#### AIM OF THE TASK:
Repeat the entire listing exactly. Omit all pictures.

#### PROVIDED MATERIAL:
====
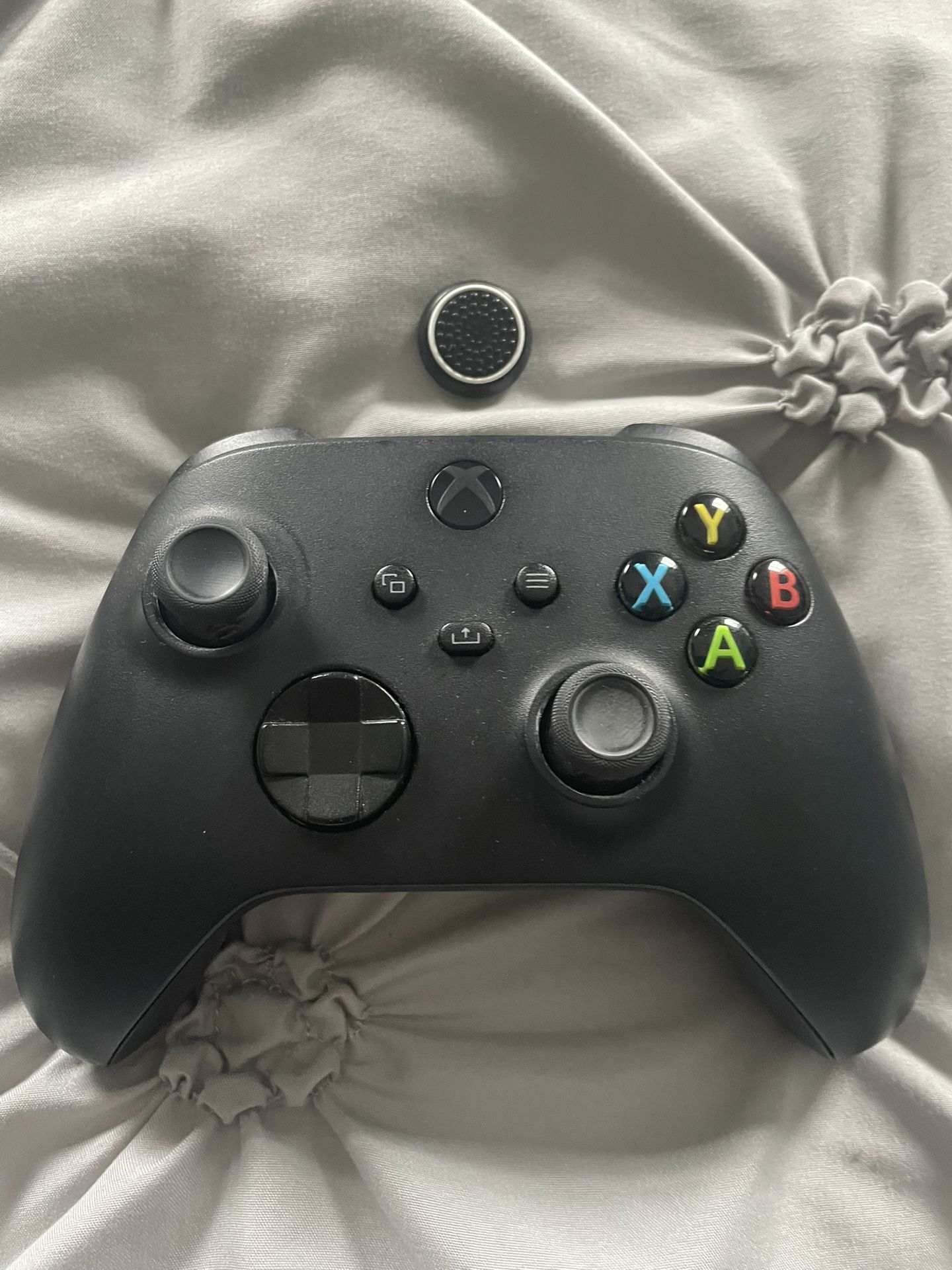 Xbox Series S/X Black Wireless Controller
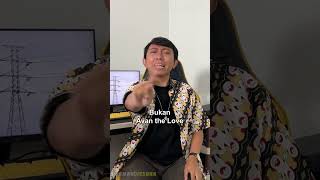  Ini Bukan Avan The Love W sangatbagus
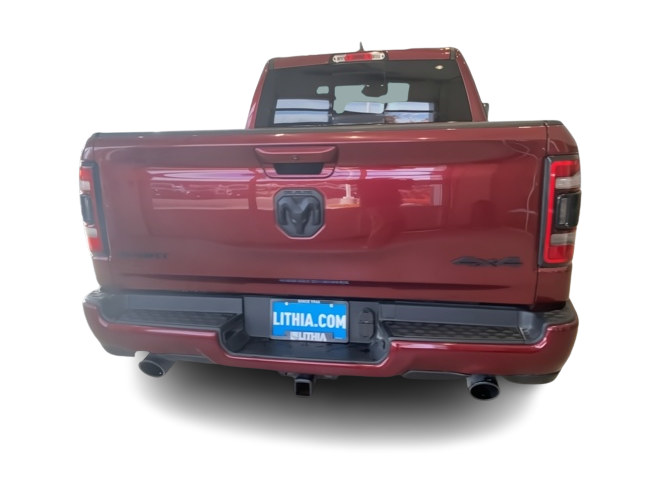 Thumbnail: 2020 RAM 1500 - 4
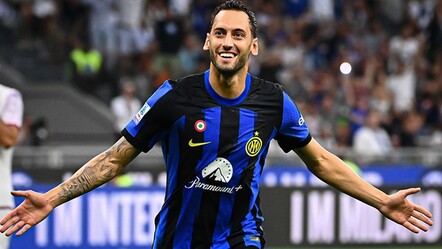 Galatasaray'dan son gün hamlesi gelmişti! Inter'in Şampiyonlar Ligi kadrosu belli oldu - Spor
====
#### EXPECTED ANSWER:
 Xbox Series S/X Black Wireless Controller
  Ini Bukan Avan The Love W sangatbagus
 Thumbnail: 2020 RAM 1500 - 4
 Galatasaray'dan son gün hamlesi gelmişti! Inter'in Şampiyonlar Ligi kadrosu belli oldu - Spor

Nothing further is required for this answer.